* Task details
From the line containing "3D podium pedestals" down to the last line of the listing, quote everything word for word, and nothing else, keeping pictures out.

* Information provided
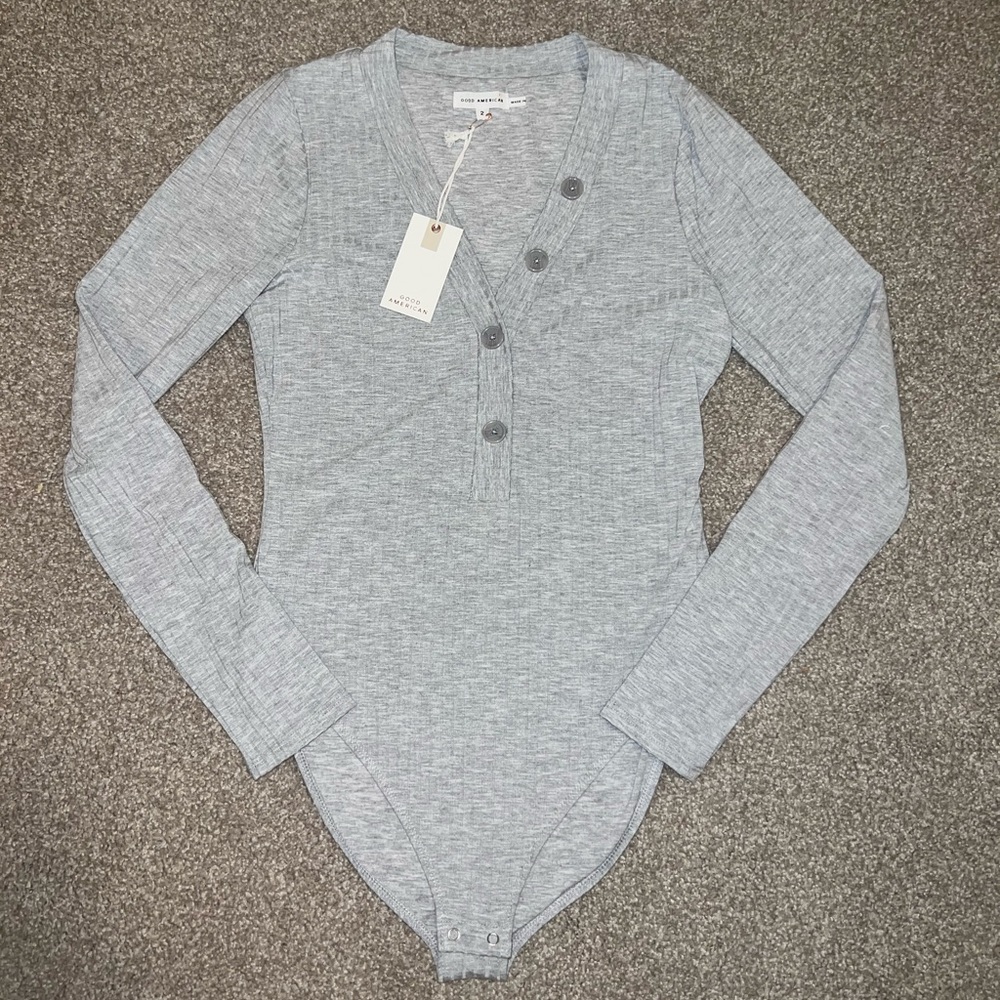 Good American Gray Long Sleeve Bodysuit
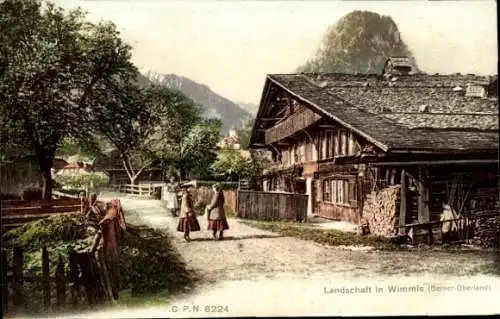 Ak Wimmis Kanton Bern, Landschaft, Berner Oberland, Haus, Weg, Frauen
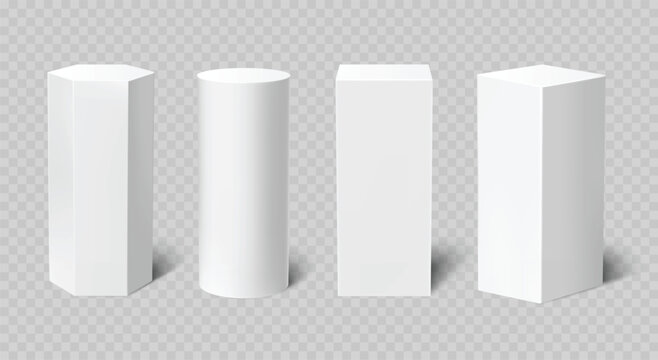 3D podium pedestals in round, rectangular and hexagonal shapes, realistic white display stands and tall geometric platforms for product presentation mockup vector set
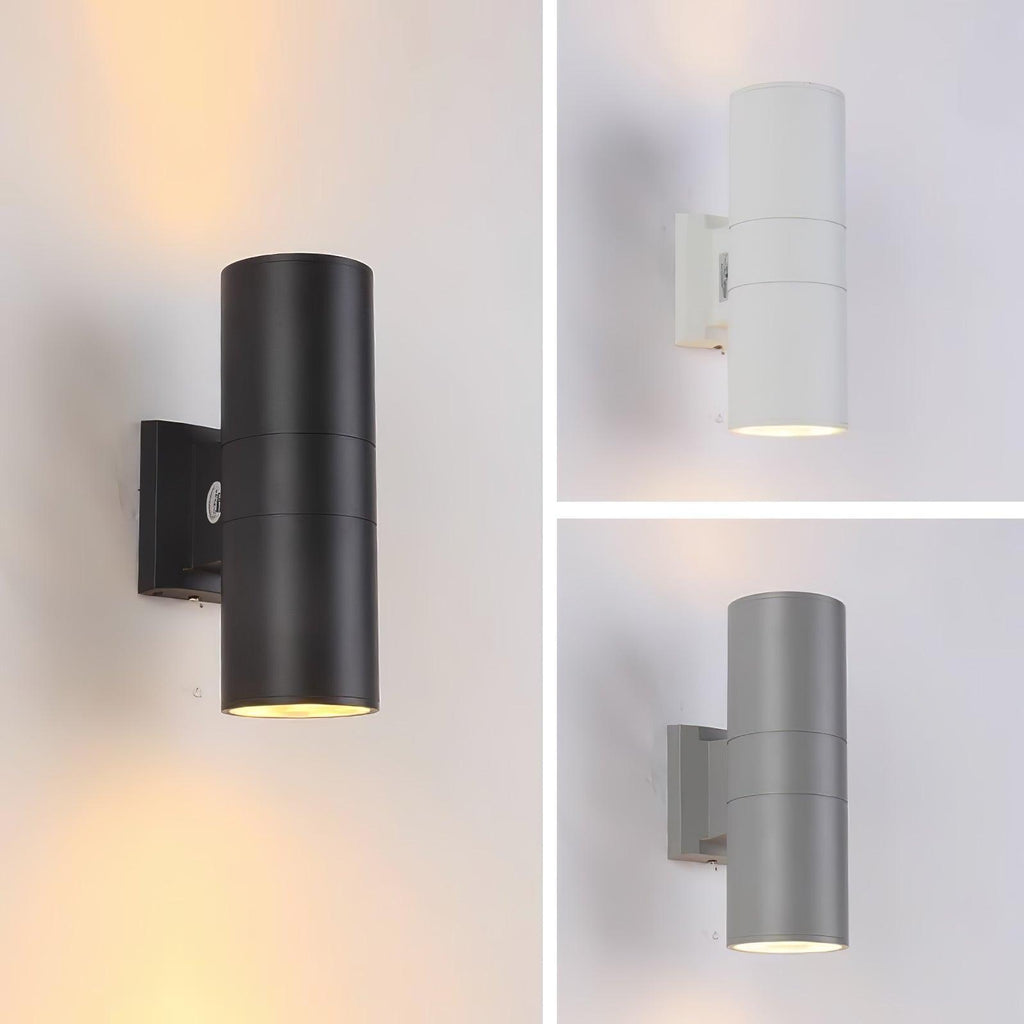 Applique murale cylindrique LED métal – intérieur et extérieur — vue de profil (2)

* Worked solution
 3D podium pedestals in round, rectangular and hexagonal shapes, realistic white display stands and tall geometric platforms for product presentation mockup vector set
 Applique murale cylindrique LED métal – intérieur et extérieur — vue de profil (2)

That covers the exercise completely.